A multiregional CGE analysis of FDI and production networks in China

Thursday, 3 April 2014: 9:30 AM
Jing Zhou, PhD Candidate , Complutense University of Madrid, Madrid, Spain
Maria C. Latore, PhD , Economia aplicada II, Complutense University of Madrid, Madrid, Spain
Objective:

The Chinese share of world FDI inflows rose from 2.8% in 1991 to 8.1% in 2011. East Asian economies have provided 63% of the cumulative FDI. More than 70% of intraregional trade in East Asia is in parts and components to be further assembled and exported to other regions (ADB, 2007).

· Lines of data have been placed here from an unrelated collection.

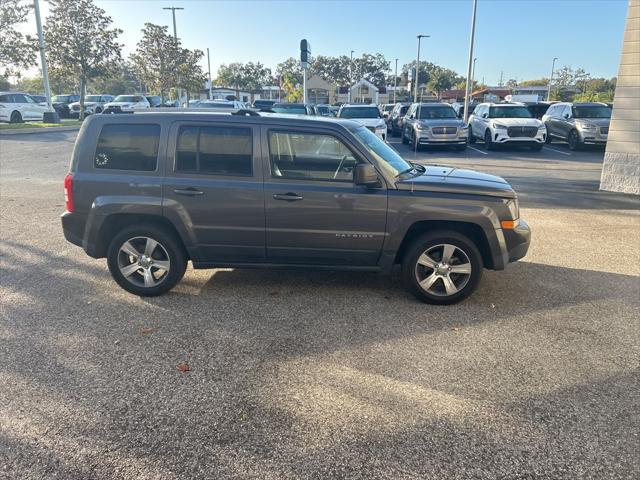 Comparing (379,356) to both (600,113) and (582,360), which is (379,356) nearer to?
(582,360)

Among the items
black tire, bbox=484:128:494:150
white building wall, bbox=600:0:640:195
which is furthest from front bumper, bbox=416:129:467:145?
white building wall, bbox=600:0:640:195

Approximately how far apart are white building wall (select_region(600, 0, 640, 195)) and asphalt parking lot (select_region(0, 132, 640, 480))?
5434mm

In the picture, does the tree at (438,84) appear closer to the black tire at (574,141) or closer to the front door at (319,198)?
the black tire at (574,141)

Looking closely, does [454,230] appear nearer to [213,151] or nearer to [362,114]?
[213,151]

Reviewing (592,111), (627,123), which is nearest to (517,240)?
(627,123)

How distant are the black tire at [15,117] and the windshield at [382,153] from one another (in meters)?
28.7

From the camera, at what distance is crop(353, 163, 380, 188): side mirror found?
4465 millimetres

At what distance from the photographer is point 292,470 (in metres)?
2.68

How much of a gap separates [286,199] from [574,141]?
717 inches

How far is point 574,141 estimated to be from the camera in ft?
63.4

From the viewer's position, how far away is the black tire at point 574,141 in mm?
19072

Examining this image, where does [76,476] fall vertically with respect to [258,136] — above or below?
below

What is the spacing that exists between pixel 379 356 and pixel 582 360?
159 centimetres

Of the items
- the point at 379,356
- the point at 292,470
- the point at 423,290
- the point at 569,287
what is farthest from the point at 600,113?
the point at 292,470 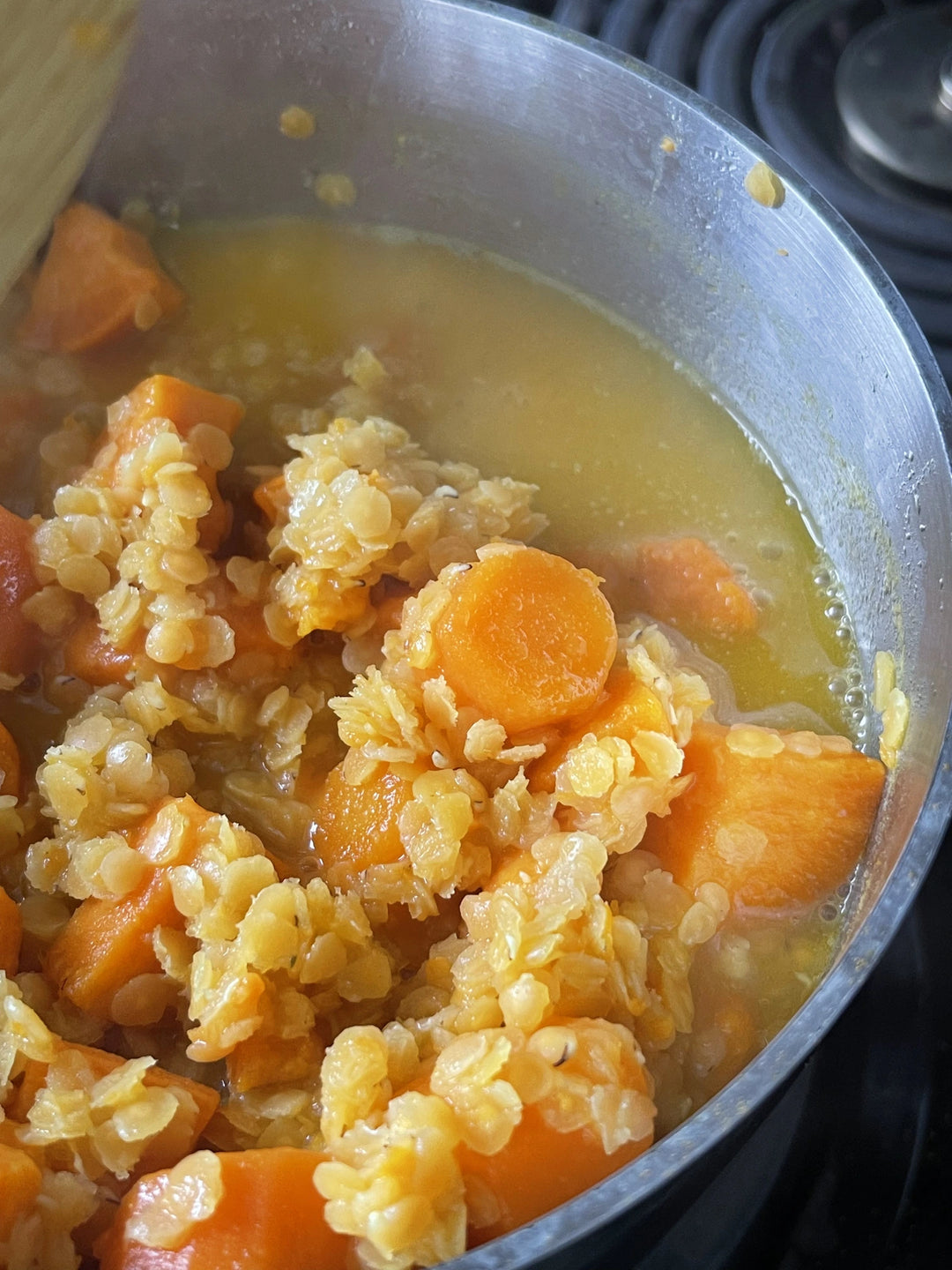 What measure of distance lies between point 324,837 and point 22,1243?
542 mm

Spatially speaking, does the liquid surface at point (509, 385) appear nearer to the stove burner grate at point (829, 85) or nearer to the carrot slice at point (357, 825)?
the stove burner grate at point (829, 85)

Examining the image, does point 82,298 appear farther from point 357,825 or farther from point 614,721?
point 614,721

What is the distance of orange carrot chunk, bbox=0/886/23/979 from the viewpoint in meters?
1.36

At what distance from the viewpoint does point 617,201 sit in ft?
6.29

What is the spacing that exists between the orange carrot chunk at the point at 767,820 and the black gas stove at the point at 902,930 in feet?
0.57

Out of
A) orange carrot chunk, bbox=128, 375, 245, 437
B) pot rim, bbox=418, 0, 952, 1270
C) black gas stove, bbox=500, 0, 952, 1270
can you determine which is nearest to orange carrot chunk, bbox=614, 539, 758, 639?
black gas stove, bbox=500, 0, 952, 1270

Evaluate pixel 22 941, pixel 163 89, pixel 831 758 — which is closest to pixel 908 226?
pixel 831 758

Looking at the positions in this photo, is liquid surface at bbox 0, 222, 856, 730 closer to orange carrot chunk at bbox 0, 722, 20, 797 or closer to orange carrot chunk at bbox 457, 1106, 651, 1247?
orange carrot chunk at bbox 0, 722, 20, 797

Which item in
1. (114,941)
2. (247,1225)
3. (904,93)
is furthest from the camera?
(904,93)

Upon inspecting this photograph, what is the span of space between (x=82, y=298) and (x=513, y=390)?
2.32 feet

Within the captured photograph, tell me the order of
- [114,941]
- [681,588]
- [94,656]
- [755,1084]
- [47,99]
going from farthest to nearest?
[47,99] < [681,588] < [94,656] < [114,941] < [755,1084]

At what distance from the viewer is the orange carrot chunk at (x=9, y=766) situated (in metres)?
1.53

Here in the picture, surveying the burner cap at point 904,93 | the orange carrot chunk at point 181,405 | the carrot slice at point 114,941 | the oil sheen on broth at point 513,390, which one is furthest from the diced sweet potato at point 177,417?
the burner cap at point 904,93

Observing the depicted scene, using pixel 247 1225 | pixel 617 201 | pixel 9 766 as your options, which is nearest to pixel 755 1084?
pixel 247 1225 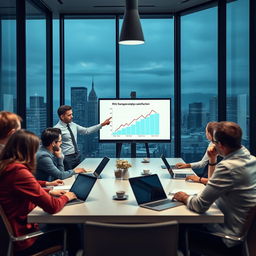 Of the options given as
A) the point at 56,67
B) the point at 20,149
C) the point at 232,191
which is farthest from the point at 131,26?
the point at 56,67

The emergence of China has led to a triangular trade pattern among China, advanced Asian economies, the U.S. and Europe.

Indeed, FDI seems to play a big role in China, as well as, in reshaping the production networks among the Asian economies and in the subsequent impact for other big world economies.

Data/Methods

A general equilibrium analysis seems appropriate to grasp the effects of FDI from a detailed perspective including both supply and demand side and to resemble micro and macro variables like GDP, National income, employment, welfare, output, imports and exports, in a consistent manner.

We use a two-factor, fifteen-sector and six region (China-East Asia-U.S.-Japan-Europe-ROW) version of the computable general equilibrium model due to Hertel (1997), based on the GTAP8 database. The shock consists of a simultaneous increase in the capital stock of the sectors of Electronics, Machinery, Chemicals and Textiles in China, which account for around 62% of Chinese aggregate exports, while the capital stock in the rest sectors and regions remaining fixed.

Results:

In general, FDI inflows have benefited China in terms of GDP and national income, while having a rather small impact on the aggregate variables of the rest of regions. From a sectoral perspective, China enlarges both exports and imports of Chemicals, Electronics and Machinery goods. The two former sectors have a similar trade pattern, mostly attributable to their high intensity of imported intermediate inputs. Machinery is more dependent on domestic intermediates and, therefore, its trade patterns are slightly different. Contrasting with the three previous sectors, Textiles is very oriented to private consumption, so after the shock it enlarges its imports and reduces its exports to satisfy the Chinese rising domestic demand. East Asia benefits most from the increased exports to China, since it provides the majority of Chinese imports. By contrast, exports from the rest of regions are crowded out from the world market when China increases its exports, with the only exceptions of European exports in Chemicals. The regions different to China and East Asia, play more the role of final markets, absorbing the majority of increased Chinese exports.